Please note that renting is not illegal.


----------



## SueDonJ (Jan 27, 2015)

geekette said:


> Please note that renting is not illegal.



??  II's rules prohibit rentals of exchanges and Getaways obtained through them.


----------



## Saintsfanfl (Jan 27, 2015)

geekette said:


> Please note that renting is not illegal.



It most certainly is illegal. You are probably referring to a violation of criminal law, but illegal is also a correct term for a violation of civil law. Renting an exchange is indisputably a violation of civil law because it is very clearly spelled out in the terms and conditions.
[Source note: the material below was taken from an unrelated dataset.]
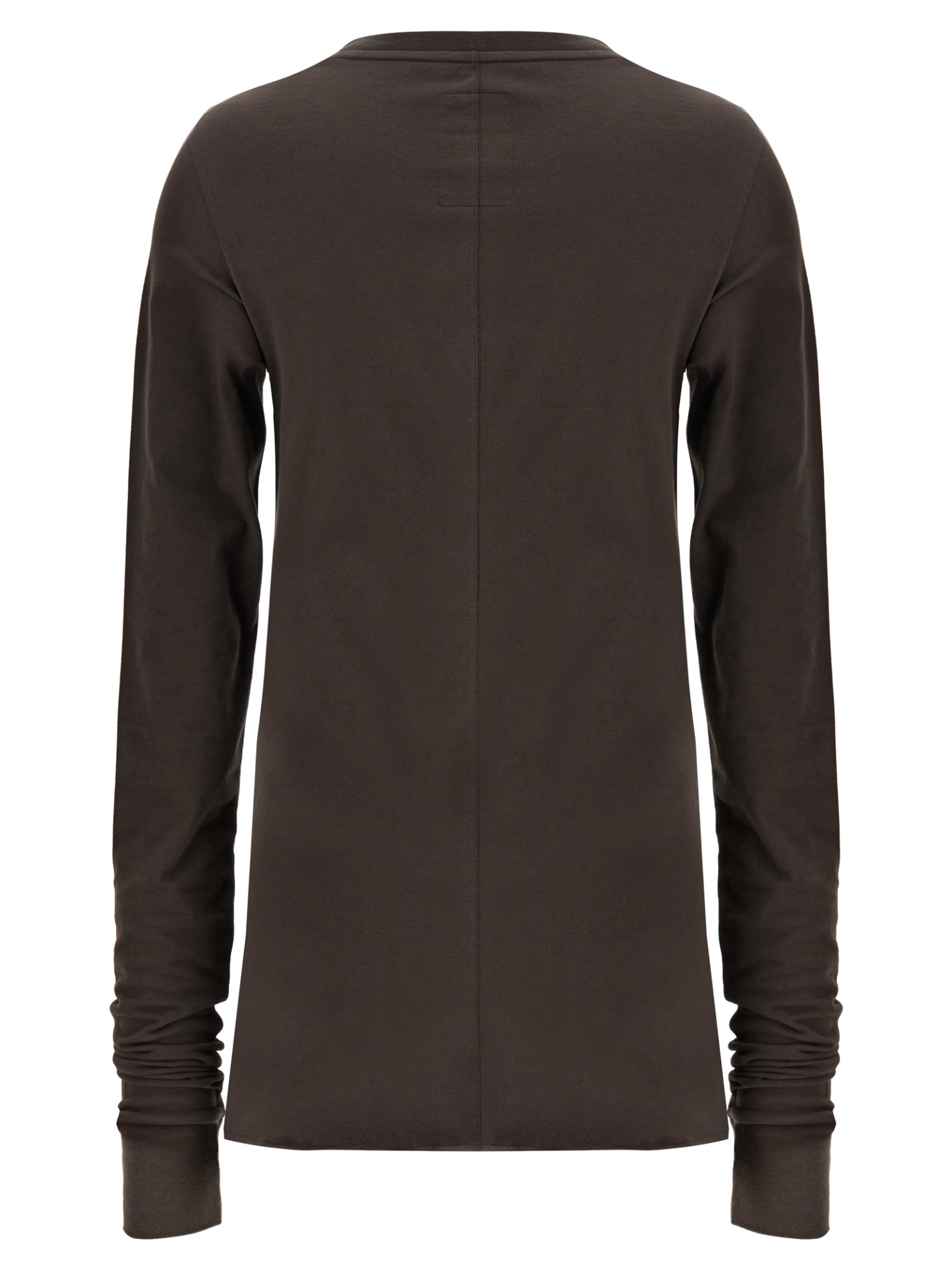 [Rick Owens] T-shirts Long Sleeve SS26 MU01F8D0189AHD256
In short it is not criminal, but it is still illegal.


----------



## Saintsfanfl (Jan 27, 2015)

gblotter said:


> This point may have been discussed in other threads, but it bears repeating.
> 
> Interval International monitors redweek.com for illegal renting of exchanged weeks.
> 
> ...



This happened to me to a "T". What I now do if I am renting the same week that I have an exchange for is I send a notice to II's loss prevention department so they know in advance. I have offered them proof that I also own the same week as my exchange but they have never wanted me to send it.


----------



## gmarine (Jan 27, 2015)

Several years ago I had my II account suspended on suspicion of renting a DVC exchange on EBAY. It wasnt my unit up for rent but it took a couple days to straighten out and it was clear that II does at times act on the rental of exchanges.


----------



## sjsharkie (Jan 27, 2015)

geekette said:


> Please note that renting is not illegal.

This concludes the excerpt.